Make it Naked

Large Lima Beans in Tomato Sauce

I read somewhere that you have to taste something seven times before you can truly decide if you like it or not. I’m not sure if this is true or why seven is the magic number, but I do believe food deserves more than one taste before you completely write it off never to be tried again. Jon, on the other hand, disagrees. If you don’t like it after the first bite, why would you eat it six more times? He’s always so logical.

This small difference of opinion is an on going “debate” in our house.

Just try it.

I already did. I don’t like it.

But you should taste it again.

Why, I don’t like it?

No, don’t smell it. Taste it.

I already did. I don’t like it.

When I make something I want everyone to think it’s the best thing they have ever tasted. I want to see dance moves and hear shouting. I want uncontrollable “mmmm”s blurted out before they’re even done chewing. It’s ok, lie to me – tell me it’s better than your mother’s.

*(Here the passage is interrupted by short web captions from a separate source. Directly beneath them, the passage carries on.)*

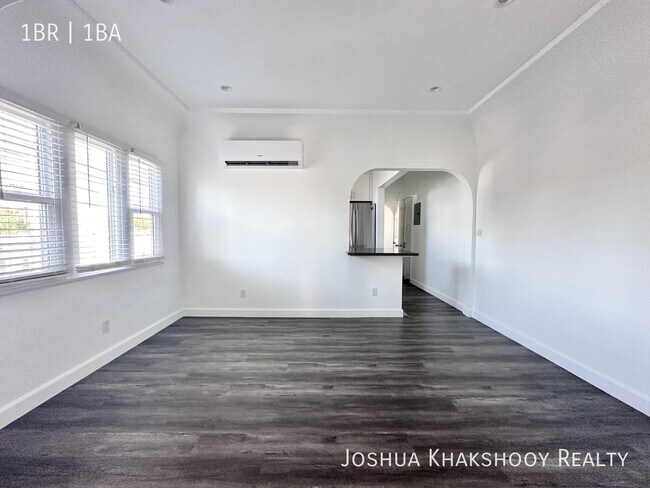 Foto del edificio - 1416 1/2 S Crest Dr -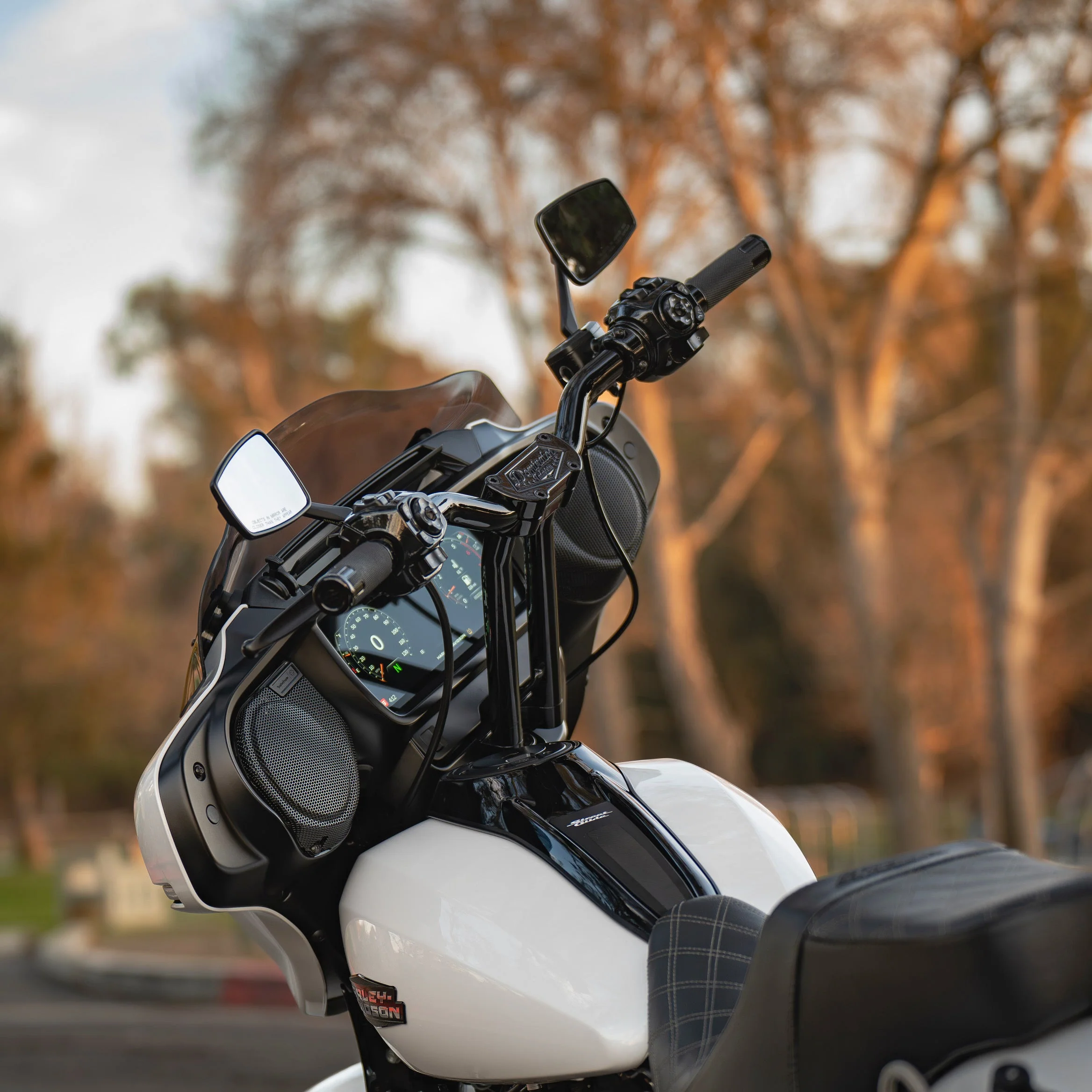 Pullback Riser & 1 1/4" Low Bend Moto Bar Combination for 2008-2013  Street Glide Models (Gloss Black) - Image 8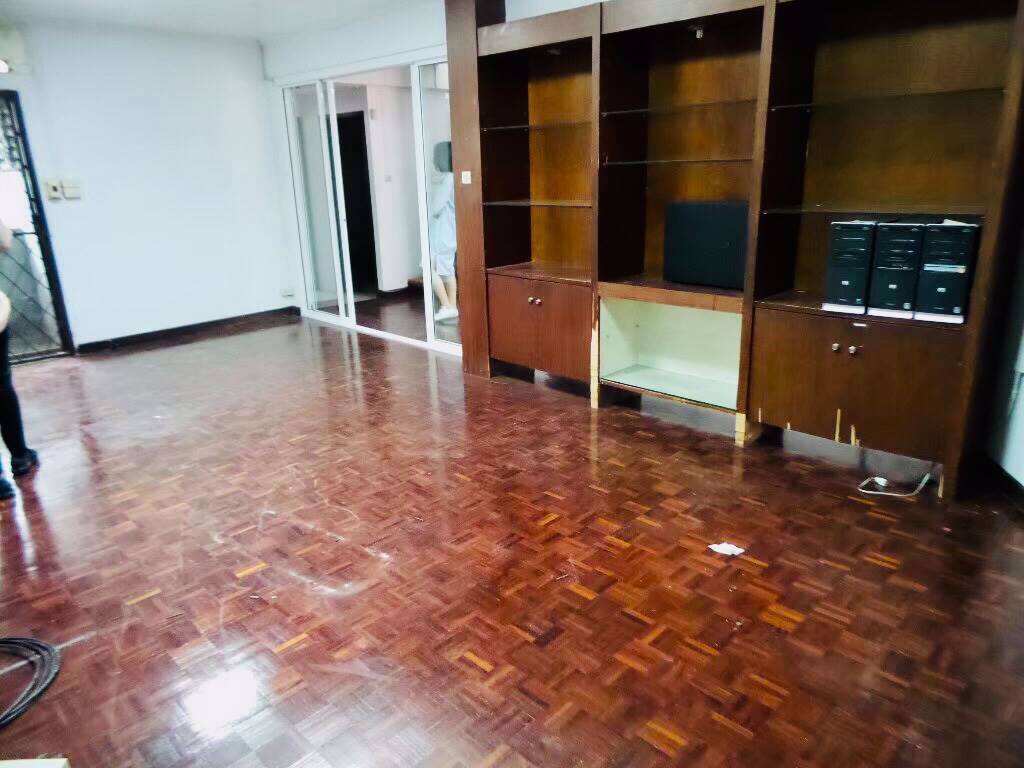 ให้เช่าทาวน์เฮ้าส์เก่าทำเลดีมากๆ-เพื่อทุกธุรกิจในเอกมัย-for-rent-a-old-town-house-for-business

I realize how ridiculous this is, but I still wish it were true. That’s part of the reason I enjoy cooking so much. I love to see the happiness my food brings to those eating it. But I’ve learned that not everyone has the same tastes I do. Particularly Jon. There are  so many foods that I love and he does not like at all. I know, I still married him. But I haven’t lost hope. My logic is if I keep making dishes with ingredients he dislikes, he’ll come around to them, you know, like after the seventh try.

So in my latest attempt, I made this dish which includes beans, olives and parsley – all things on his “dislike” list. I’m so clever – combine three ingredients he doesn’t eat to make one dish he’ll love. Makes perfect sense. Or not. He won’t even try it.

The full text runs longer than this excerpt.